*** Opening of Exercise data ***
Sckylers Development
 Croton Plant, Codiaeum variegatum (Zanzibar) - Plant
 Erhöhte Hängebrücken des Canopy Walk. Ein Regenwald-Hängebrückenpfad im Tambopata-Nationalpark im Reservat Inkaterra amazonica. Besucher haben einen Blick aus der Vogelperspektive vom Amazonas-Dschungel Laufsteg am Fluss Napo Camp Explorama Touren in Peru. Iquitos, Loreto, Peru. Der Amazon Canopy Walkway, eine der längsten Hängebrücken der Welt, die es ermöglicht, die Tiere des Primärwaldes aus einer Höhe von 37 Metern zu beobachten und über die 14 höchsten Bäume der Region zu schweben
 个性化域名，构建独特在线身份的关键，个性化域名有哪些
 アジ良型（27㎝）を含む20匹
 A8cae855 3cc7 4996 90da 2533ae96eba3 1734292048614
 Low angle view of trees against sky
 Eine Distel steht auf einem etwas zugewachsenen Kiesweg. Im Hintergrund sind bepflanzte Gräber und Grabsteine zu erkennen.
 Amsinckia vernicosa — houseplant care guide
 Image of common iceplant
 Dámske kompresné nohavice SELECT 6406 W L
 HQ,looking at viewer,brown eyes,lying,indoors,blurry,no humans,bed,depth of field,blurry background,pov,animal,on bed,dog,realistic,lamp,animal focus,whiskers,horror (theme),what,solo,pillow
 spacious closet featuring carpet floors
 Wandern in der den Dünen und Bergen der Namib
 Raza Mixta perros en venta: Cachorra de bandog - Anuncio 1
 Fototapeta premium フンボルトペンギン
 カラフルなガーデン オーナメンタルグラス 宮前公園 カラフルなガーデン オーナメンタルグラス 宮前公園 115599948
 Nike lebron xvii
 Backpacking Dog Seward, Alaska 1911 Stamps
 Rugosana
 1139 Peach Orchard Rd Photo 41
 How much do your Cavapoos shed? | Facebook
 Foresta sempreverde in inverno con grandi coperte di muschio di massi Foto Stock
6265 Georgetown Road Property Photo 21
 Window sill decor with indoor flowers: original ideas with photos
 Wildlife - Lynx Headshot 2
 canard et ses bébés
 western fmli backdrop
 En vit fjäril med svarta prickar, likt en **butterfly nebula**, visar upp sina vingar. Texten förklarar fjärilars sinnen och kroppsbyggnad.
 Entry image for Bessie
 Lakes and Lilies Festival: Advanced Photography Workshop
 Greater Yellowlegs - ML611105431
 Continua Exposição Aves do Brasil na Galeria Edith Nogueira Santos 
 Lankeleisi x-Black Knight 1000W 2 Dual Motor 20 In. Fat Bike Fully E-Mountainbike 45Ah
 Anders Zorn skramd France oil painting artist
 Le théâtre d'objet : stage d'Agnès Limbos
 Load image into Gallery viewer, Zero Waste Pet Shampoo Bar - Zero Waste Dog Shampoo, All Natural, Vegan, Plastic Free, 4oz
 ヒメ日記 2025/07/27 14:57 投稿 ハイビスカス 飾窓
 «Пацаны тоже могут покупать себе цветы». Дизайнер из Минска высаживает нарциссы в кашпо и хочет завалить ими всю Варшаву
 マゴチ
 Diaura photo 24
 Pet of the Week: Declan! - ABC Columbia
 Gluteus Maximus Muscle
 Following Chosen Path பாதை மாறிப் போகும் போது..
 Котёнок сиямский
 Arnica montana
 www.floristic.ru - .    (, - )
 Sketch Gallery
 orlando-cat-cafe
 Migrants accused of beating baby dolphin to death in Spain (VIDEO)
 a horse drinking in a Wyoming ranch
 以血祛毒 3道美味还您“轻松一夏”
*** Close of Exercise data ***
Directions for this task ▸ Copy out the lines beginning at the one that contains "How much do your Cavapoos shed? | Facebook". Stop at the final line of the data, and include it.

Solution to the problem ▸
 How much do your Cavapoos shed? | Facebook
 Foresta sempreverde in inverno con grandi coperte di muschio di massi Foto Stock
6265 Georgetown Road Property Photo 21
 Window sill decor with indoor flowers: original ideas with photos
 Wildlife - Lynx Headshot 2
 canard et ses bébés
 western fmli backdrop
 En vit fjäril med svarta prickar, likt en **butterfly nebula**, visar upp sina vingar. Texten förklarar fjärilars sinnen och kroppsbyggnad.
 Entry image for Bessie
 Lakes and Lilies Festival: Advanced Photography Workshop
 Greater Yellowlegs - ML611105431
 Continua Exposição Aves do Brasil na Galeria Edith Nogueira Santos 
 Lankeleisi x-Black Knight 1000W 2 Dual Motor 20 In. Fat Bike Fully E-Mountainbike 45Ah
 Anders Zorn skramd France oil painting artist
 Le théâtre d'objet : stage d'Agnès Limbos
 Load image into Gallery viewer, Zero Waste Pet Shampoo Bar - Zero Waste Dog Shampoo, All Natural, Vegan, Plastic Free, 4oz
 ヒメ日記 2025/07/27 14:57 投稿 ハイビスカス 飾窓
 «Пацаны тоже могут покупать себе цветы». Дизайнер из Минска высаживает нарциссы в кашпо и хочет завалить ими всю Варшаву
 マゴチ
 Diaura photo 24
 Pet of the Week: Declan! - ABC Columbia
 Gluteus Maximus Muscle
 Following Chosen Path பாதை மாறிப் போகும் போது..
 Котёнок сиямский
 Arnica montana
 www.floristic.ru - .    (, - )
 Sketch Gallery
 orlando-cat-cafe
 Migrants accused of beating baby dolphin to death in Spain (VIDEO)
 a horse drinking in a Wyoming ranch
 以血祛毒 3道美味还您“轻松一夏”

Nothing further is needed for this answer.